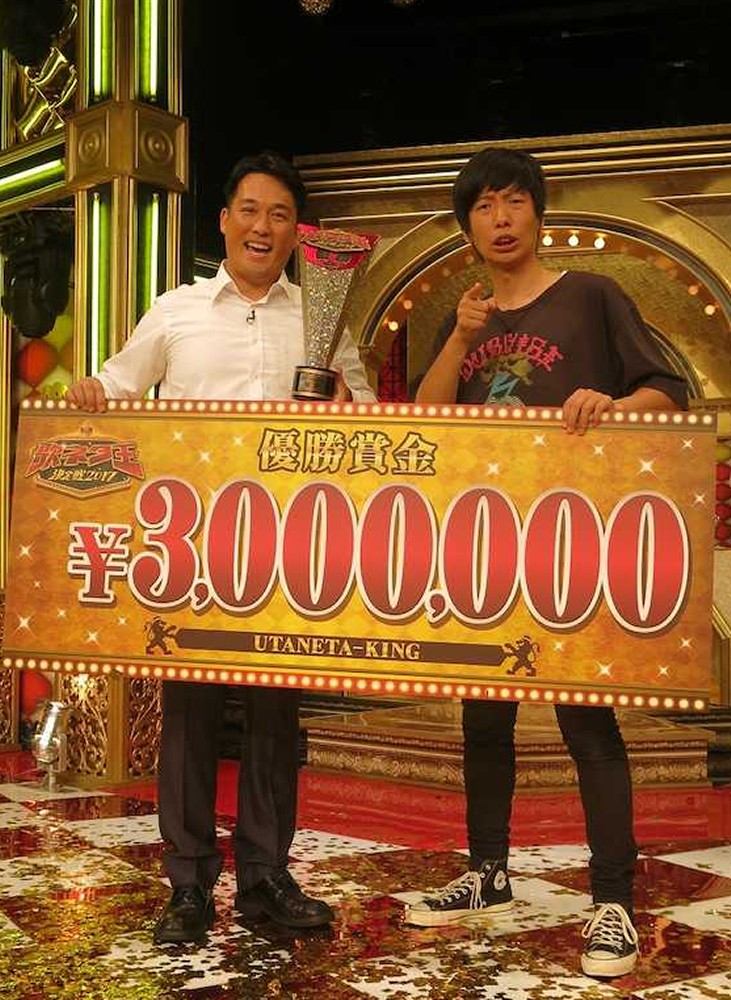 「歌ネタ王決定戦２０１７」で優勝した藤崎マーケットの田崎佑一（左）、トキ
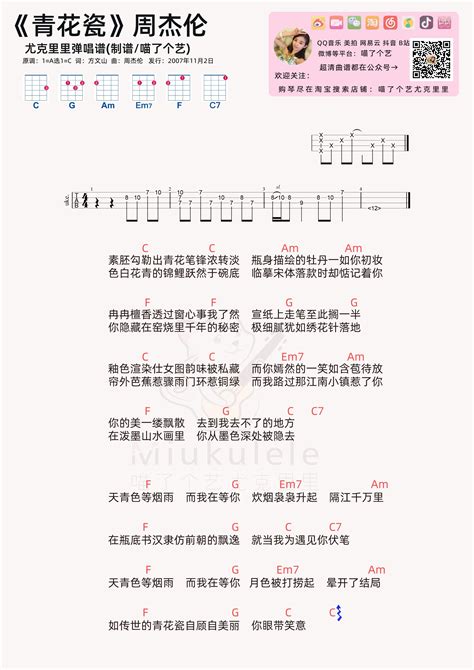 青花瓷 弹唱曲谱 喵了个艺 Ukulele曲谱 尤克里里曲谱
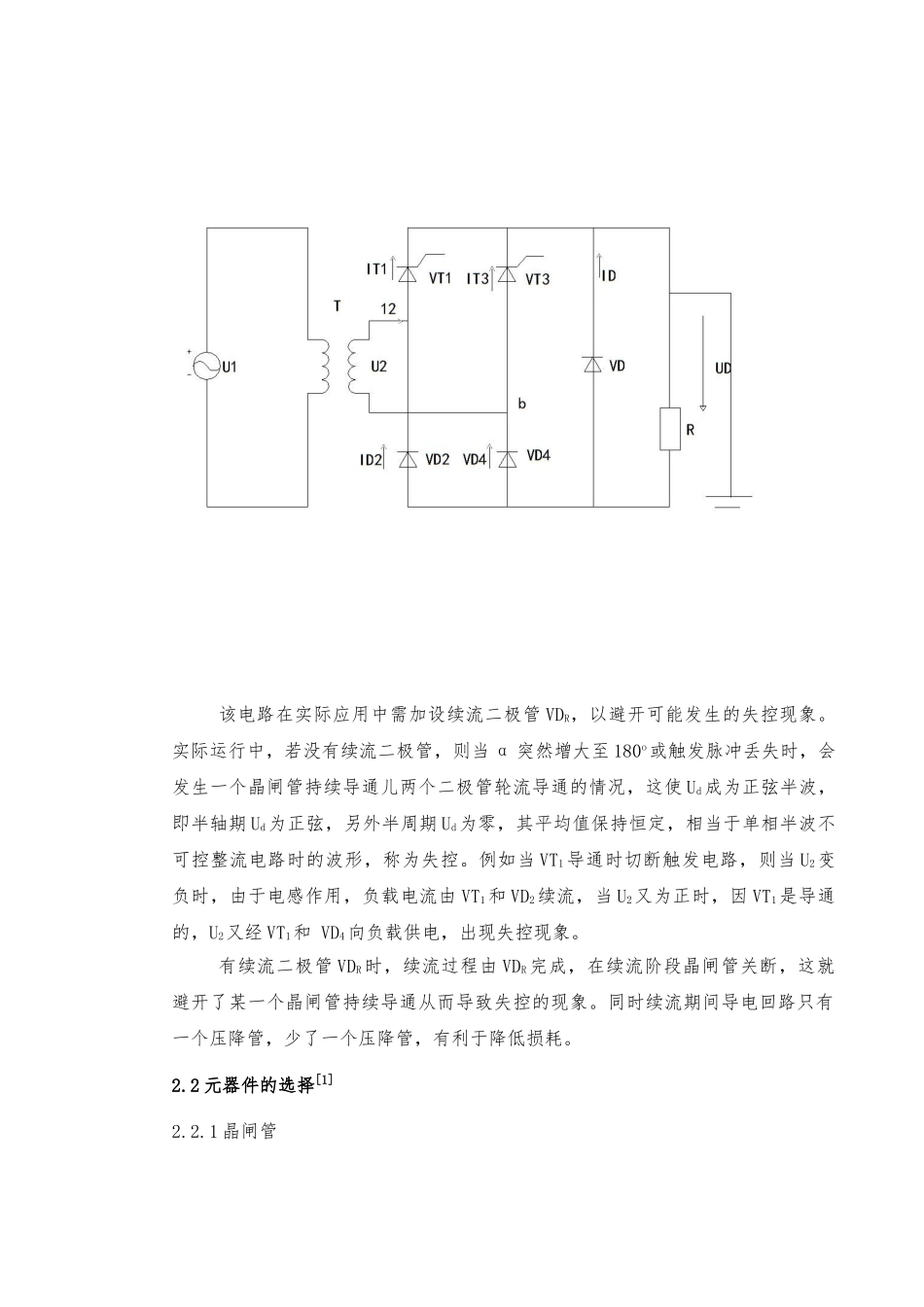 单相桥式半控整流电路电阻负载带续流二极管反电动势_第3页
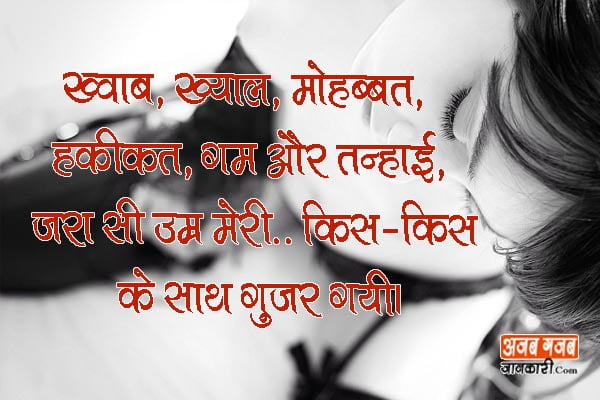 2 line romantic shayari in hindi font
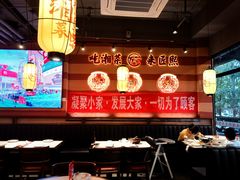 -匠熙小馆(崇文门店)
※
Task goal → In the copy, leave out all pictures, and retype exactly each line from the one with "青花瓷 弹唱曲谱 喵了个艺 Ukulele曲谱 尤克里里曲谱" through the last line of the entries.

Answer area →
 青花瓷 弹唱曲谱 喵了个艺 Ukulele曲谱 尤克里里曲谱
 单相桥式半控整流电路电阻负载带续流二极管反电动势_第3页
 2 line romantic shayari in hindi font
 -匠熙小馆(崇文门店)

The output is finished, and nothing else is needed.